Selecting the songs that end up on my playlist is truly cathartic. When I wade through various genres and artists, I use my intuition to decide—a minute into the song—whether the song fits the moment. Not every song that I enjoy, however, makes the cut. As much as I love LMFAO’s self-obsessed “Sexy and I Know It,” there has never been a moment when I’ve thought, “You know what, I’ve definitely got passion in my pants and I ain’t afraid to show it.”

It didn’t make the playlist.

Instead, something in the whispery rasp in an artist’s voice, a pounding back beat in an EDM track or the sheer lettering of a chorus attracts me and my baggage to the song in a way that transcends the typical appeal of a song simply sounding good.

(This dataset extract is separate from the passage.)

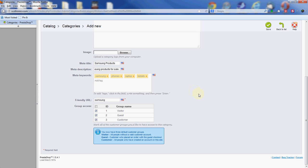And then last we have the group access. By default all groups can see your products and your categories here. If you want to have it available only to certain people, say the customers only, which is registered customers, you could turn the other two off. But for the most part, everybody can see everything.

Name for me a popular song and there’s a good chance that I can recall the exact memory associated with that song. Rihanna’s “We Found Love” was the bumping anthem of my high school sophomore semi-formal, when I finally decided that I didn’t care what anybody thought, I was going to dance badly in the middle of the room like Taylor Swift at an award show. “Rotten Apples” by Voxhaul Broadcast resonated a certain rock twang that gave that quirky inspiration for the character I assumed during my first high school theater production. The sheer prevalence of “Maps” by Maroon 5 was the song that floated in my head when I was in Spain the summer before my first year at Duke and housing assignments came out. My first-year roommate let me know via email that he just wanted to have “fun” his first semester—a nightmare for my nerdy, introverted self at the time.

When I look back at my former self through the many songs on my playlist, it’s sort of cheesy, but I really have grown and become a stronger person than from “We Found Love.” Today, I find myself picking songs that are less obsessed with vanity and more in love with appreciating the beauty of individuals and of nature. I find that my songs shifted from the edge of self-destruction at the age of seventeen to a more calm and collected but altogether more heartbroken and distraught sense of self. I’ve found songs that channel an inner sense of curiosity and a deep appreciation for those I do care about in my life.

The reason I listen to music, to my autobiographical playlist, is that in my busy life as a Duke student, there is rarely time for self-reflection. Pulling together even a single minute for introspection can be difficult to find. In fact, I’m writing this article at 2:37 a.m. on a Monday night because it fits perfectly between when I’d finish my research paper and when I have to start studying for my next midterm. Listening to music evokes an emotion and a self-awareness that is unfound for me because it appears that at Duke there never is true silence. But for me, the true serenity can be found in a pair of headphones.

Dillon Fernando is a Trinity junior and Playground editor.